Q: How private is Mastodon / GNU Social?

A: Not very. Use email, XMPP, or other secure, encrypted protocols if you need privacy.

See: https://community.highlandarrow.com/notice/826830

@dredmorbius is there any philosophical reason why mastodon isn't on an encrypted protocol, or is it happenstance?

Also, as far as I can tell, everything on Mastodon is public anyway (e.g. no DM feature)

@abbenm There is the option in Mastodon to post Unlisted, Private, or Direct, as well as Global, which you'll find under the :earth_americas: icon in the Toot editor.

These limit the /distribution scope/ of messages, but /do not/ encrypt messages. Instance admins, Follow Bots, and others may be able to see those messages.

I'd have to read spec for the comms link encryption itself.

@dredmorbius awesome, thanks for the tip. glad to know there are DMs. If you don't mind my wasting more of your time, how is it that follow bots "and others" would be able to see non-public messages?

@abbenm Admins can see all traffic, so there's that.

I need to re-scan the docs, but your "Private" posts go to your followers only. Note that your followers select you, /you do not select your followers/. Though you can /block/ selected followers. So ... if you've got a ton of followers, "Private" really isn't particularly useful.

Some of the GNU Social admins strongly recommend small, 40-50ish, instances, so that everyone knows everyone, or at least largely so.

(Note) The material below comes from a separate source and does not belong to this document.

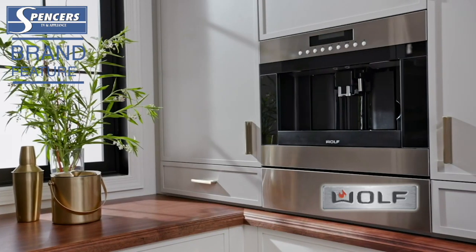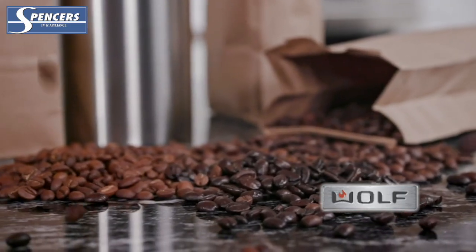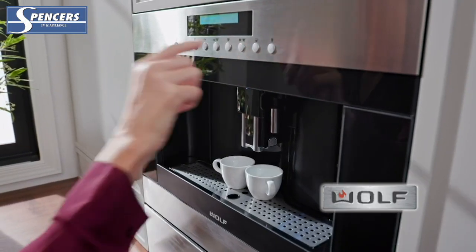Wolf Coffee Systems help you make the perfect cup of coffee, espresso, cappuccino, and more from the comfort of your kitchen. You can use whole bean or ground coffee, set your cup anywhere from 1 oz to 12 oz, or even just dispense hot water for your favorite cup of tea.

@abbenm As to philosophy regarding encryption, you'd have to ask @Gargron
@dredmorbius email is not a good example for a secure, encrypted protocol ;)
@dredmorbius But at least you can use #tor against most instances afaik. !GNUsocial also works hard on avoiding third party servers, so no external javascript (also compatible without javascript at all) as well as locally stored media. Not even third party servers with a misleading domain name (i.e. Amazon S3 on a subdomain.service.example DNS).
Pseudonymity is king in a decentralised network and anonymous access to your pseudonym means mass-duplication publishing of possibly sensitive data. That's one security/privacy combination out of many.
!XMPP is good in other ways, for other security/privacy scenarios.
@mmn xmpp is one of the best systems for private communications in my opinion, even though the cool kids don't seem to like it. It can be routed through Tor. An xmpp server can run only from an onion address (you can do that with !Freedombone) and you can have encrypted group chat with OMEMO which has the OWS-type ratchet.